- _DATA EXCERPTS_
────────────────────────────────────────
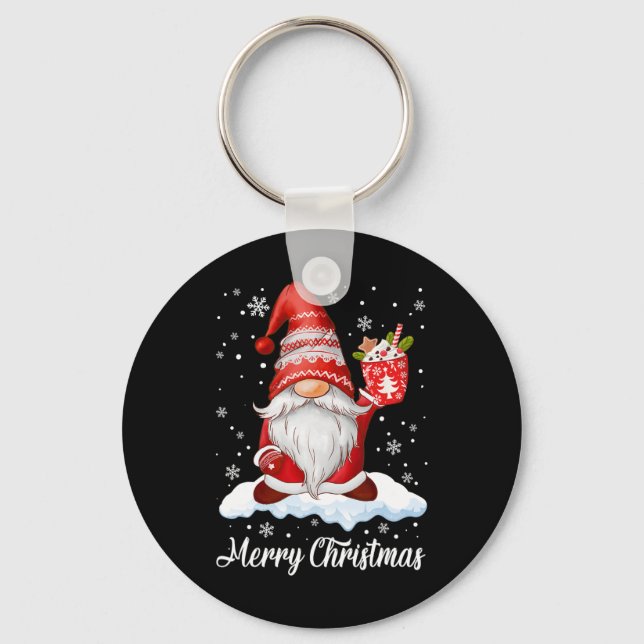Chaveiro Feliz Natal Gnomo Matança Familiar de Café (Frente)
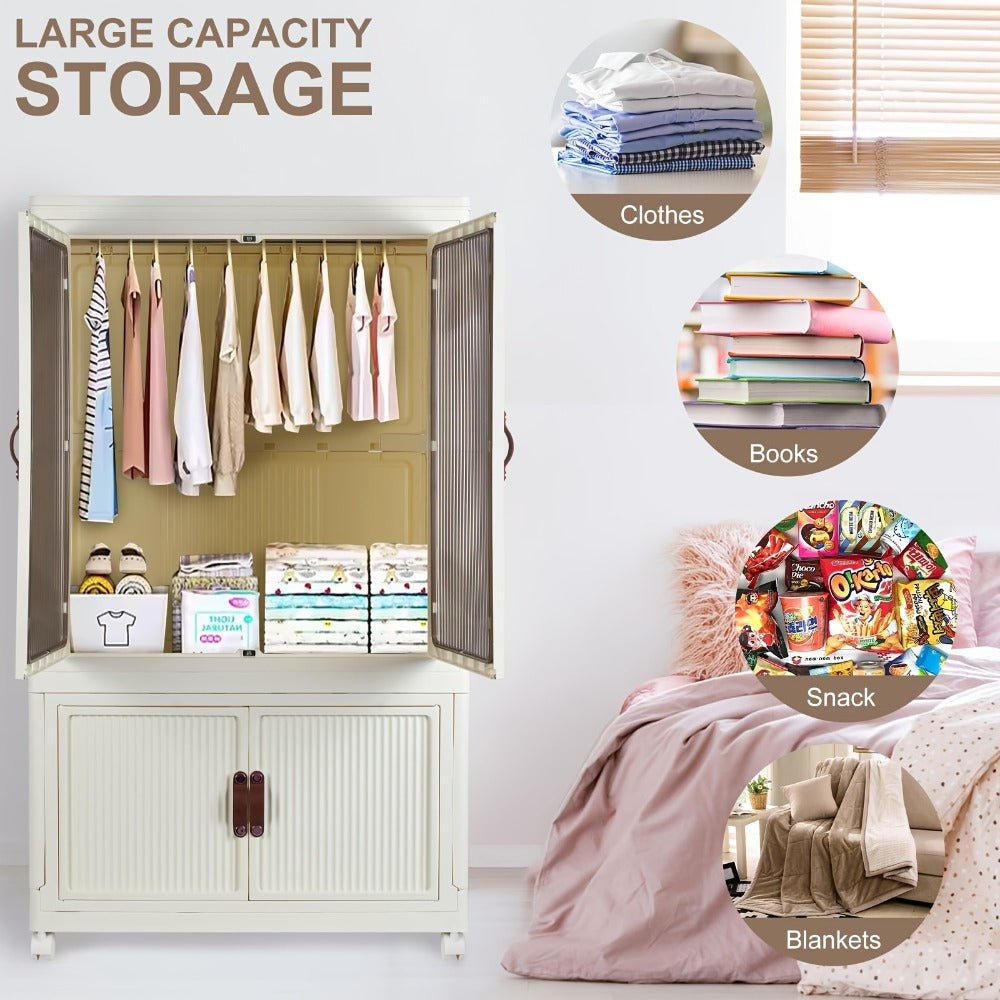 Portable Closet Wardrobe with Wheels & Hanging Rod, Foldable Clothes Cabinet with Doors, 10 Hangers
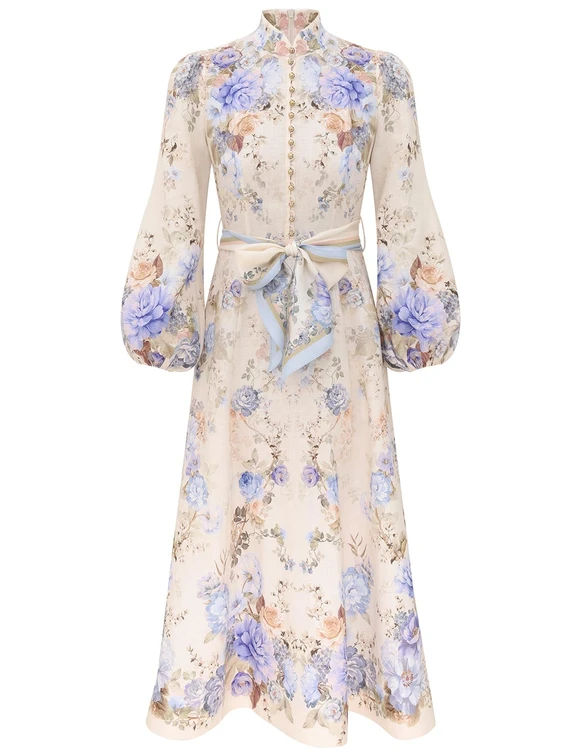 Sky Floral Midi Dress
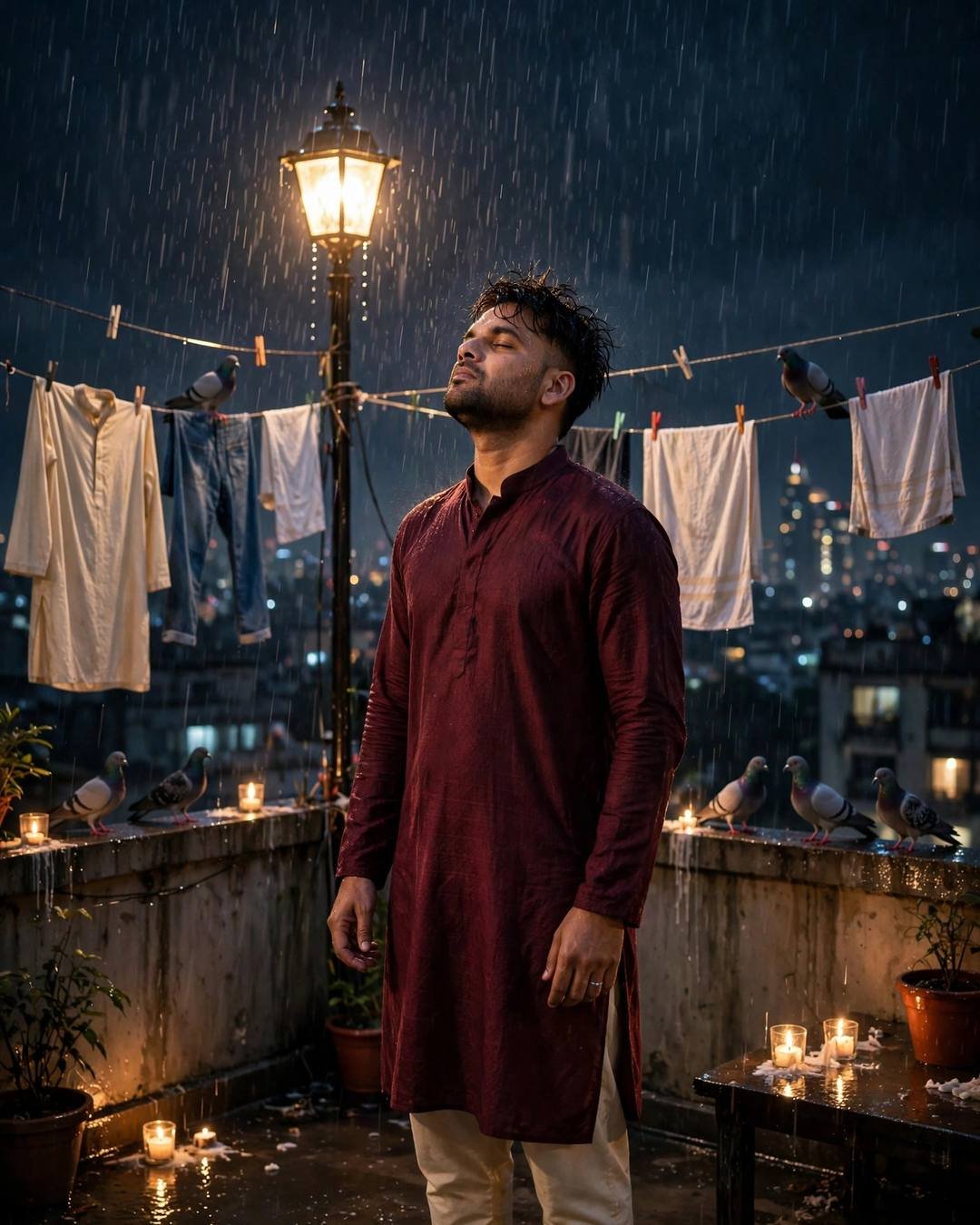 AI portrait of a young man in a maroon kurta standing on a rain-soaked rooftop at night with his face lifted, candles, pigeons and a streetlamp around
────────────────────────────────────────
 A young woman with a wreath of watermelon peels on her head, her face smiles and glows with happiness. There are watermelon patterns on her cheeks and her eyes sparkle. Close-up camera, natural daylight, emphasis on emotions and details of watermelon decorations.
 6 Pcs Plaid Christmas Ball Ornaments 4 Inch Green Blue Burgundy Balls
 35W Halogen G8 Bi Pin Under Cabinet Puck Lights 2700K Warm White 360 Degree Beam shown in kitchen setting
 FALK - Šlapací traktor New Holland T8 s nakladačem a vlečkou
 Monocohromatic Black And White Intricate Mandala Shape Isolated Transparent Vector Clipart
────────────────────────────────────────
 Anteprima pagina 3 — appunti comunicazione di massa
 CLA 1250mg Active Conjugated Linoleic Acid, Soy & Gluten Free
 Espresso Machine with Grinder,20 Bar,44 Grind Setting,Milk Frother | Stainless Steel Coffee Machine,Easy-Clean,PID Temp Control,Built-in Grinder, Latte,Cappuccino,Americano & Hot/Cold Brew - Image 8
────────────────────────────────────────
- _YOUR GOAL_
When you reach the line holding "FALK - Šlapací" in the records above, begin reproducing exactly, stop after the line holding "Monocohromatic Black And", and output nothing else.

- _WRITTEN RESPONSE_
 FALK - Šlapací traktor New Holland T8 s nakladačem a vlečkou
 Monocohromatic Black And White Intricate Mandala Shape Isolated Transparent Vector Clipart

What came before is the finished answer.